%%

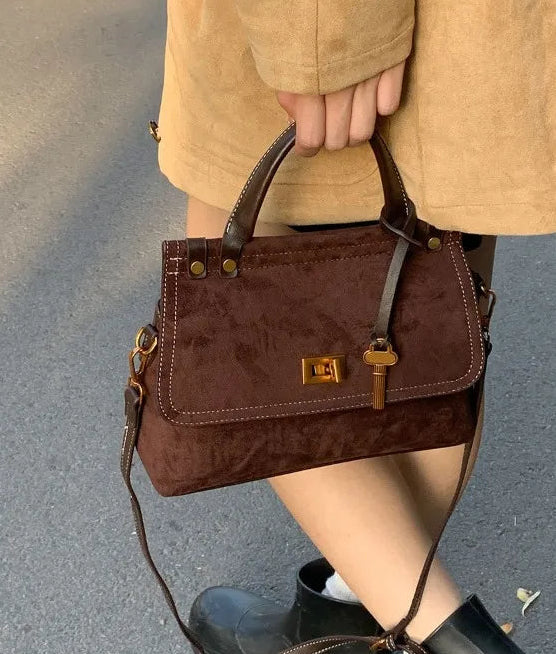 Brown handbag held by a person wearing a beige coat and black boots on a gray background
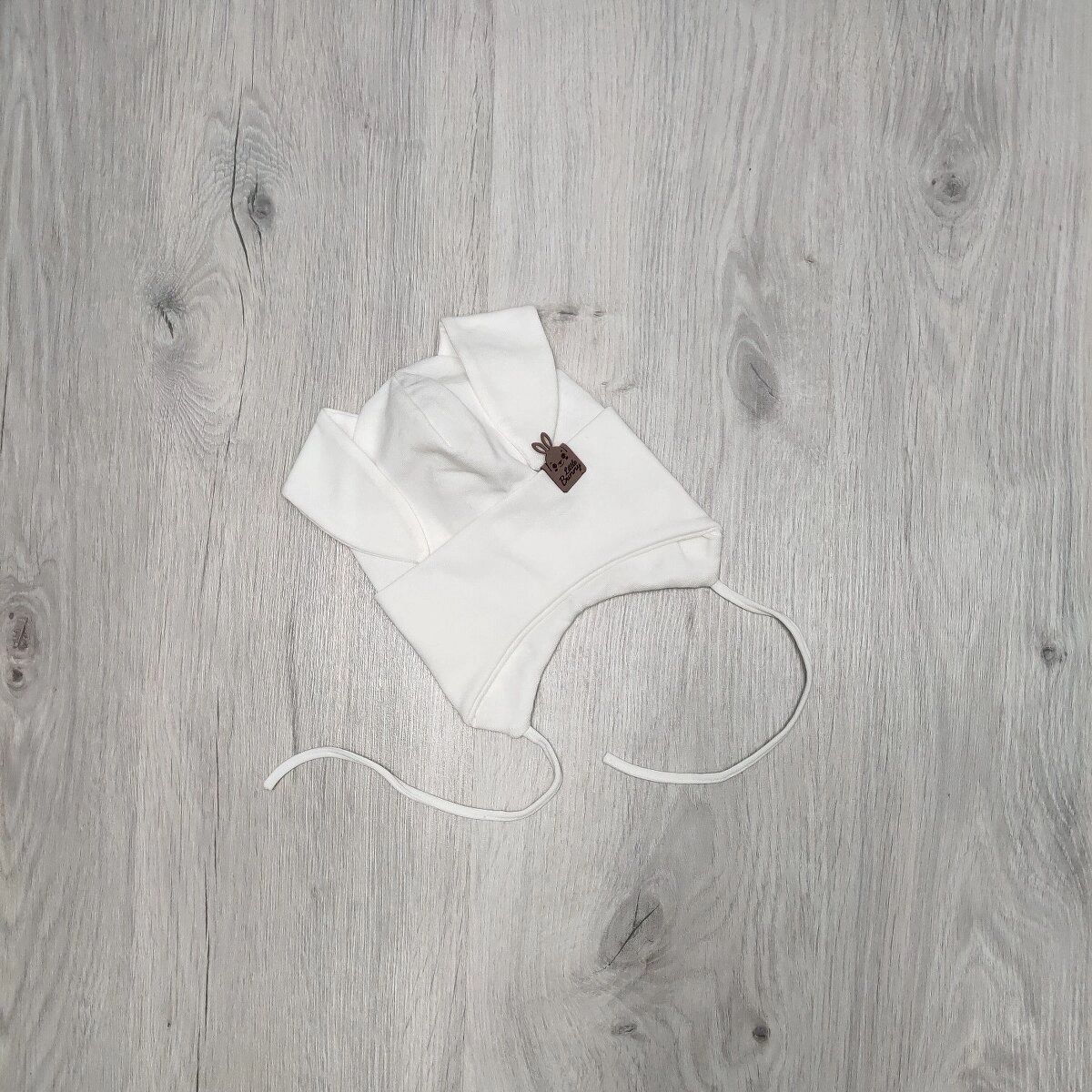 Шапка для дівчинки, із зав'язками, Little Bunny, молочна, трикотаж одинарний Sample р.46/48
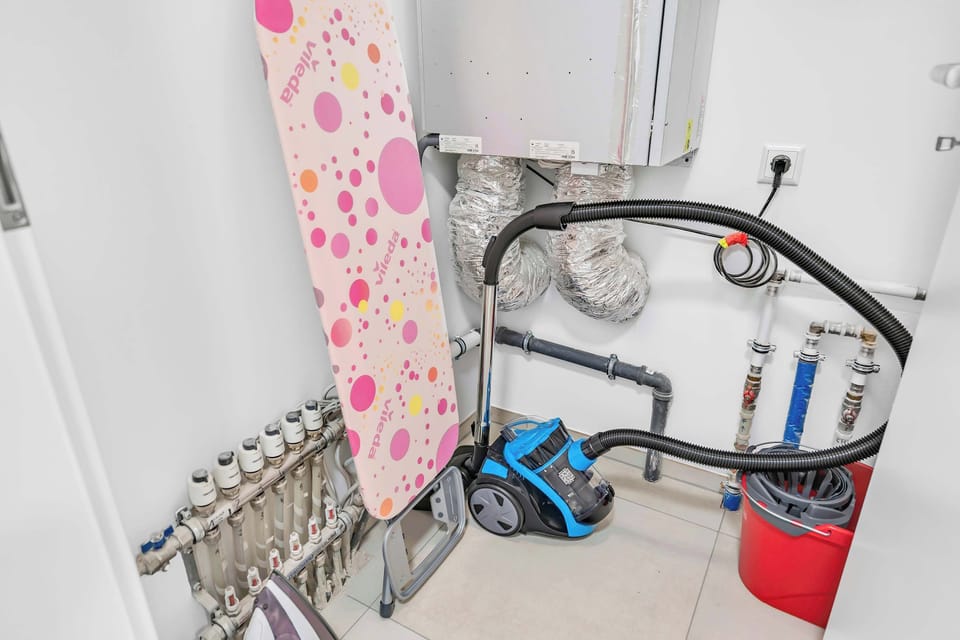 Functional utility area with washing machine, ironing board, and cleaning essentials for added convenience during longer stays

%%

Description of the task:
Reproduce the data above in full, exactly, with the images removed.

Task answer:
 Brown handbag held by a person wearing a beige coat and black boots on a gray background
 Шапка для дівчинки, із зав'язками, Little Bunny, молочна, трикотаж одинарний Sample р.46/48
 Functional utility area with washing machine, ironing board, and cleaning essentials for added convenience during longer stays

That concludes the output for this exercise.